> [What the exercise asks] For the data that follows, return each line unchanged and drop the pictures.
---------- Material provided ----------
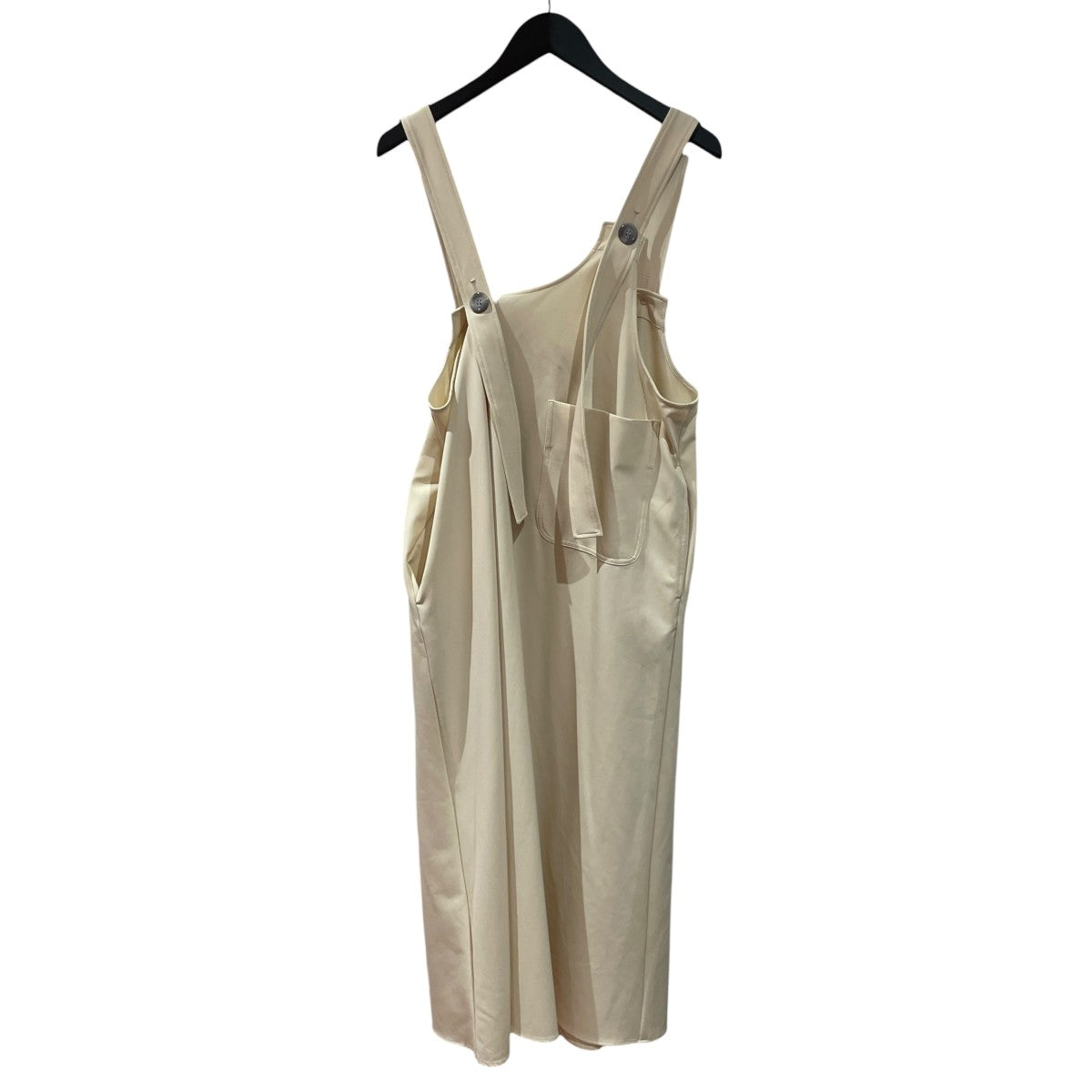 drape belts skirtスカート470IS731-0131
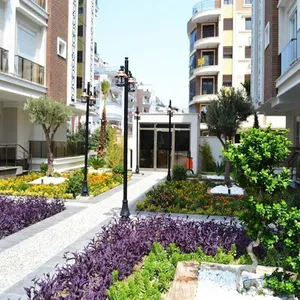 Квартира в Анталия, фото 4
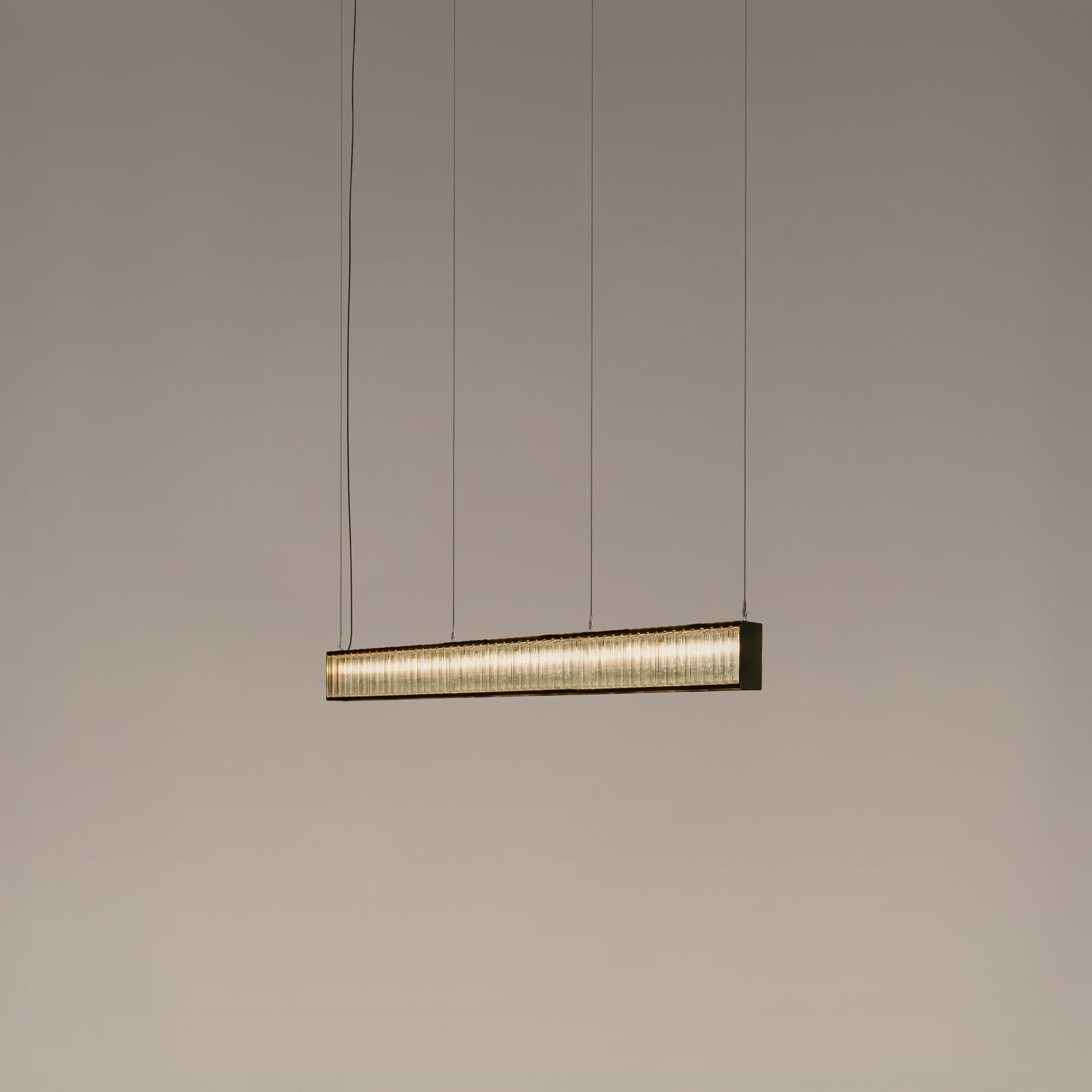 Linea Estadio Pendant Lamp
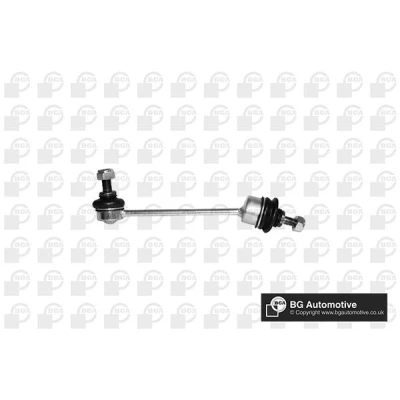 Kuva Tanko, kallistuksenvaimennin, Etuakseli, oikea, vasen LAND ROVER FREELANDER I, Soft Top I OE RBM100170, RBM100171, RBM100172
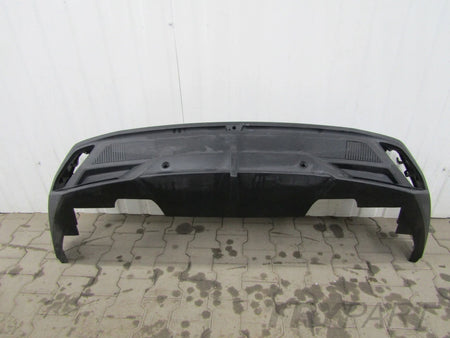 Rear Bumper for Peugeot 408 II 2 P54 22-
----------
> [Exercise answer]
 drape belts skirtスカート470IS731-0131
 Квартира в Анталия, фото 4
 Linea Estadio Pendant Lamp
 Kuva Tanko, kallistuksenvaimennin, Etuakseli, oikea, vasen LAND ROVER FREELANDER I, Soft Top I OE RBM100170, RBM100171, RBM100172
 Rear Bumper for Peugeot 408 II 2 P54 22-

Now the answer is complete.